NASIONAL – Sebagian kalangan mungkin menilai Mufti Betawi, Sayyid Utsman al-Batawi, sebagai tokoh yang pro Belanda karena kedekatannya secara formal dengan pemerintah kolonial. Namun, menyebut beliau sebagai antek Belanda jelas merupakan penilaian yang tidak adil.
Sayyid Utsman memiliki jasa besar dalam dunia pendidikan Islam (tarbiyah islamiyah) di Indonesia. Warisan intelektual dan perjuangannya menjadi salah satu fondasi penting dalam membentuk kesadaran keislaman yang kemudian turut menyemai semangat kemerdekaan bangsa.

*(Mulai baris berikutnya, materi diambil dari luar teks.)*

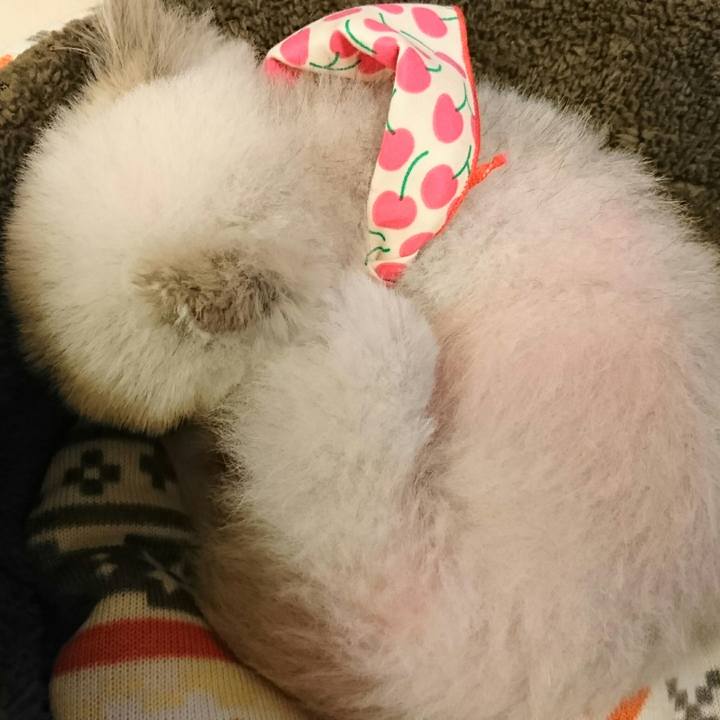 1953152b 3077 4fb4 9a84 0e19d77cd45d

Kiai Maimoen Zubair (Mbah Moen), seorang ulama kharismatik dari Sarang, pernah mengisahkan bahwa banyak kiai pada masa penjajahan memilih untuk menerima jabatan dari pemerintah kolonial, seperti menjadi penghulu. Bukan karena mereka mendukung penjajah, tetapi karena langkah itu dinilai sebagai strategi untuk menahan kebijakan-kebijakan Belanda yang dianggap merugikan umat Islam.
Mbah Moen juga menjelaskan bahwa ulama yang menolak jabatan dari Belanda dan memilih jalan perlawanan sering kali menjadi target penindasan. Mereka diburu, bahkan dibunuh. Akibatnya, mereka kehilangan ruang untuk berdakwah dan membimbing umat. Dalam kondisi saat itu, kekuatan umat Islam sudah tidak sebesar masa Kesultanan Demak. Oleh karena itu, sebagian ulama memilih untuk bersabar dan menunggu momentum yang tepat untuk melakukan perlawanan yang efektif.

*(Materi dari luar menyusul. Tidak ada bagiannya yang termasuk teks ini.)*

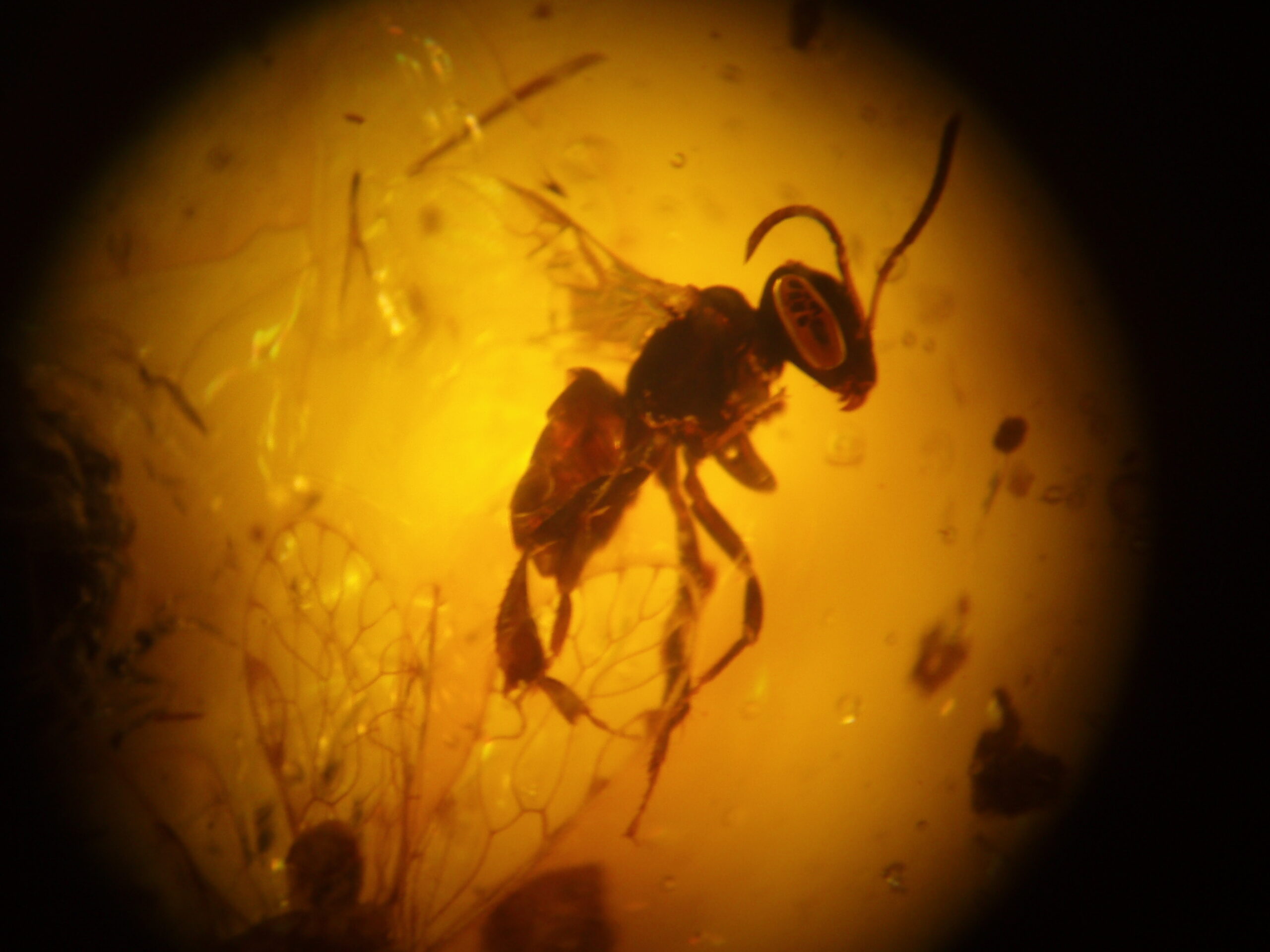 Abeja ambar lupa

Menerima jabatan dari Belanda bukan berarti tunduk atau setia kepada penjajah. Ini lebih kepada strategi bertahan dan menyelamatkan umat dari dalam sistem yang ada. Di samping itu, memang ada pula ulama yang melakukan perlawanan fisik secara langsung, namun kekuatan mereka terus-menerus dilemahkan oleh Belanda.
Beberapa tokoh ulama besar yang diketahui pernah menerima jabatan dari Belanda antara lain Kiai Hasan Mustofa, Kiai Umar (ayahanda Kiai Nawawi al-Bantani), Kiai Kafrawi (ayah Menteri Agama K.H. Fathurrahman Kafrawi), serta Kiai Zubair Dahlan.
Sejarah mencatat bahwa perjuangan melawan penjajah tidak selalu dilakukan dengan mengangkat senjata. Ada pula perjuangan dalam bentuk strategi dakwah, pendidikan, dan politik yang penuh hikmah — termasuk yang dijalani oleh Sayyid Utsman al-Batawi.